La transmisión era manual de cuatro velocidades, con tracción trasera (MDTT), una configuración clásica que garantizaba buenas sensaciones al volante. Alcanzaba una velocidad máxima cercana a los 160 km/h, una cifra notable para un descapotable de su categoría en los años sesenta. En cuanto a la suspensión, estaba diseñada para priorizar el confort, absorbiendo bien las irregularidades del terreno. El sistema de frenos era mixto: combinaba discos delanteros con tambores traseros, lo que representaba un avance importante en términos de seguridad. Sus dimensiones eran de 4.085 mm de longitud, por 1.524 m de ancho, por 1.290 mm de alto, unos 10 mm más bajo que la versión coupé del 1500. Su distancia entre ejes era de 2.340 mm y su peso oscilaba entre los 900 y 1089 kg.

El FIAT 1500 Cabriolet es mucho más que un automóvil clásico: es un reflejo de una época que estuvo marcada por el entusiasmo, la elegancia y el deseo de disfrutar de la vida.
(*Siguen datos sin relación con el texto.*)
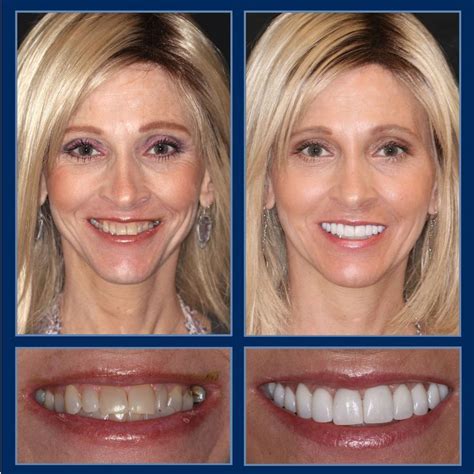 At The Cosmetic Dentists Of Austin We Perform Amazing Smile Makeovers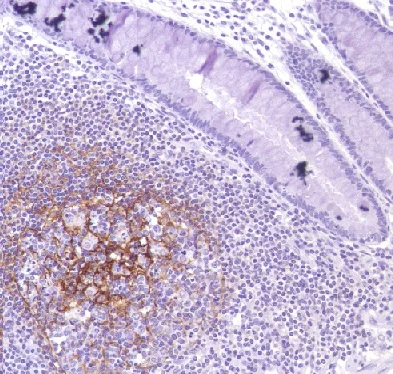 Immunohistochemistry (Formalin/PFA-fixed paraffin-embedded sections) - Anti-CD35 antibody [SP191] (AB227666)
A medio camino entre el lujo accesible y la deportividad moderada, este descapotable supo conquistar a un público que buscaba estilo sin renunciar a la comodidad.
Su cuidado diseño, bajo el sello de Pininfarina, así como unas especificaciones técnicas avanzadas para su tiempo, han convertido a este modelo en una pieza especialmente valorada hoy en día por los coleccionistas y amantes del motor clásico. No en vano ha participado en uno de nuestros concursos de elegancia en el que se ha convertido en uno de los premiados.